Name: Yngve Holen
Place of birth: Braunschweig, Germany
Yngve, your sculptures have featured washing machines, kettles, airplanes, and cars. Are you trying to subvert our everyday reality?
I think that there is this reality, and we have to deal with it in some way. My reality right now is that I fly too much. I’ve always loved looking at planes and trains, so when I started making work, it's always been about stuff that one sees every day but just doesn't really see anymore because it's in front of them so much. It started with the kettle, which is kind of like this futuristic plastic object in your kitchen, but you don't even really look at it. And then I guess it became the same thing with planes. I just started looking at the window details, or seat details, carpet details… It’s a large part of our lives, right? I sit in the car so much, I sit in the train so much, I sit in the plane so much.
It’s easy to take inspiration from places that you spend so much time — for some people it’s nature or their studio, for example.
Right, for me, it just felt like a place where there's a lot to take from. Also, I never had my driver's license until recently so I was also thinking a lot about being in the city and just being surrounded by all of this bulk material of like matter that drives around you. I just started looking at it, and once you start looking at it you just can't get away from it. So, I guess I often make work about these things that I get stuck with in some way.

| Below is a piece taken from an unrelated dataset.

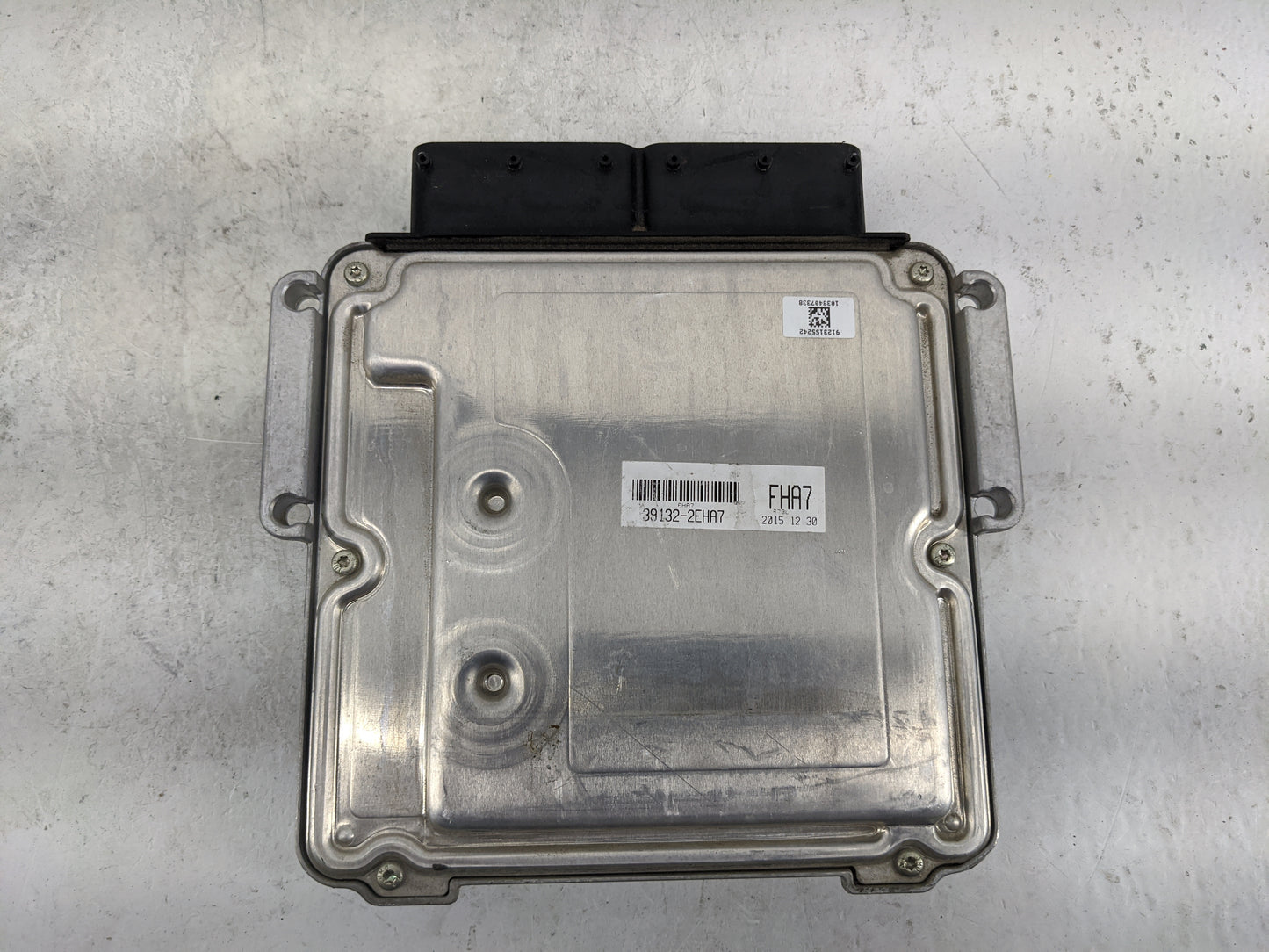 2016 Kia Soul PCM Engine Control Computer ECU ECM PCU OEM P/N:39133-2EHA7 39132-2EHA7, 9003120673KE, TP80022N83, MEDG17.9.8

“I'm interested in form. Every object has kind of history and a form and a shape.”
What other objects have you found yourself getting stuck with lately?
Cars are easy because they are just there, the rims are so mass produced, they’re around you all the time. I’ve been thinking about elevators recently… I’ve also been looking at a lot of shutter gates and stall gates at the moment. I don’t know what to do with that yet. In 2014, I started working with the spare parts industry…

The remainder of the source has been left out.